Plotting an epicycloid
I recreated the animation on Wikipedia:
Here is the Manipulate version:
R = 3; r = 1;
fx[θ_, a_: 1] := (R + r) Cos[θ] - a r Cos[(R + r) θ/r];
fy[θ_, a_: 1] := (R + r) Sin[θ] - a r Sin[(R + r) θ/r];
gridlines = Table[{x, GrayLevel[0.9]}, {x, -6, 6, 0.5}];
plot[max_] := ParametricPlot[
{fx[θ], fy[θ]}, {θ, 0, max},
PlotStyle -> {Red, Thick},
Epilog -> {
Thick,
Blue, Circle[{0, 0}, R],
Black, Circle[{fx[max, 0], fy[max, 0]}, r],
Red, PointSize[Large], Point[{fx[max], fy[max]}],
Black, Line[{{fx[max, 0], fy[max, 0]}, {fx[max], fy[max]}}]
},
GridLines -> {gridlines, gridlines},
PlotRange -> {-6, 6}
]
Manipulate[plot[max], {max, 0.01, 2 Pi}]
It is easiest to use ParametricPlot and RotationTransform.
ParametricPlot[
RotationTransform[a][{1, 0}] + RotationTransform[4 a][{1/4, 0}],
{a, 0, 2 Pi}, Evaluated -> True]
Evaluated -> True is not strictly necessary; it's there just to construct the equation once instead of for every point in the graph separately (... which is slow).

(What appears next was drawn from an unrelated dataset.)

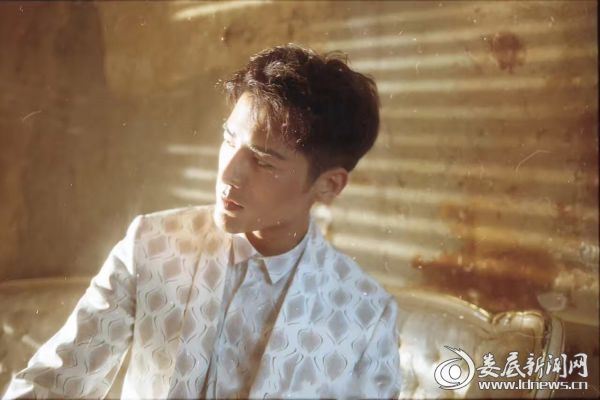 姜潮家里很有钱吗,探秘姜潮家境(石锤为富二代)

EDIT: Improved per comment from Mr.Wizard.
Epicycloids (and other roulette curves) are fun to play with using Manipulate. Here is one of many possible implementations.
Manipulate[
ParametricPlot[{
(1 + r) Cos[theta] + a Cos[(1 + r) theta],
(1 + r) Sin[theta] + a Sin[(1 + r) theta]},
{theta, 0, 2 Pi}],
{{r, 1}, 1, 20, 1, Appearance -> "Labeled"},
{{a, 1}, -10, 10, .2, Appearance -> "Labeled"}]
Edit
Although the question only calls for epicycloids, it is very easy to make interactive panel that allows the user to play with hypocycloids as well. Because there is a simple relationship between epicycloids and hypocycloids, doing so adds very little code.
Manipulate[
ParametricPlot[{
type r Cos[theta] + a Cos[type r theta],
type r Sin[theta] + a Sin[type r theta]},
{theta, 0, 2 Pi},
PlotStyle -> {Red, Thick},
ImageSize -> {400, 400}],
{{type, 1}, {1 -> "epicycloid", -1 -> "hypocycloid"}},
{{r, 1}, 1, 20, 1, Appearance -> "Labeled"},
{{a, 1}, -10, 10, .1, Appearance -> "Labeled"}]